É o mesmo que ocorre com a "locação de guindastes" que, na realidade, é um serviço e não uma locação, pois a posse do guindaste não é transferida ao contratante. Simplesmente o serviço é executado pelo contratado.

Em tais casos, podemos dizer que não há contrato de locação, mas de serviço tributado pelo ISS.

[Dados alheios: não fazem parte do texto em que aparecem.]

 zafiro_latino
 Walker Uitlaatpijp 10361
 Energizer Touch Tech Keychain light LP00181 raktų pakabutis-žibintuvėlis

Foi o que concluiu o julgado abaixo:

SUPREMO TRIBUNAL FEDERAL ARE 1229916 / ES - ESPÍRITO SANTO - RECURSO EXTRAORDINÁRIO COM AGRAVO - Relator(a):  Min. CÁRMEN LÚCIA – Julgamento: 30/09/2019 -

DECISÃO MONOCRÁTICA

RECURSO EXTRAORDINÁRIO COM AGRAVO. TRIBUTÁRIO. IMPOSTO SOBRE SERVIÇOS DE QUALQUER NATUREZA – ISSQN. CONTROVÉRSIA SOBRE A EXISTÊNCIA DE PRESTAÇÃO DO SERVIÇO: SÚMULA N. 279 DO SUPREMO TRIBUNAL FEDERAL. RECURSO EXTRAORDINÁRIO COM AGRAVO AO QUAL SE NEGA PROVIMENTO.

Relatório

    1. Recurso extraordinário com agravo interposto com base na al. a do inc. III do art. 102 da Constituição da República contra o seguinte julgado do Tribunal de Justiça do Espírito Santo:

    “APELAÇÃO CÍVEL. AÇÃO ANULATÓRIA. LOCAÇÃO DE BEM MÓVEL (GUINDASTE) E INCIDÊNCIA DO ISSQN. ATIVIDADE LOCATÍCIA INDISSOCIÁVEL DA PRESTAÇÃO DE SERVIÇOS. FORNECIMENTO DE MÃO-DE-OBRA PARA OPERAR O EQUIPAMENTO. INEXISTÊNCIA DE OBRIGAÇÕES AUTÔNOMAS E INDEPENDENTES ENTRE SI. RECURSO PROVIDO. 1. O STF firmou o entendimento de que é inconstitucional a cobrança de ISSQN sobre a locação de bens móveis (Súmula Vinculante n.º 31). 2. Ocorre, no entanto, que o presente caso é dotado de peculiaridades fáticas que afastam a incidência da referida Súmula Vinculante (art. 489, § 1º, VI, CPC/2015). 3. Muito embora não tenha sido juntado um instrumento formal de contratação celebrado entre as partes, compulsando os autos verifiquei nas outras provas documentais elementos suficientes para corroborar a confusão entre a atividade de locação dos guindastes e a respectiva prestação de serviços. 4. Inexistência de duas obrigações autônomas e distintas entre si, mas, em sentido contrário, uma obrigação de entrega da coisa (locação) associada umbilicalmente à prestação de serviço (fornecimento da mão-de-obra)” (fl. 3, e-doc. 10).    Os embargos de declaração opostos foram rejeitados (fl. 3, e-doc. 15).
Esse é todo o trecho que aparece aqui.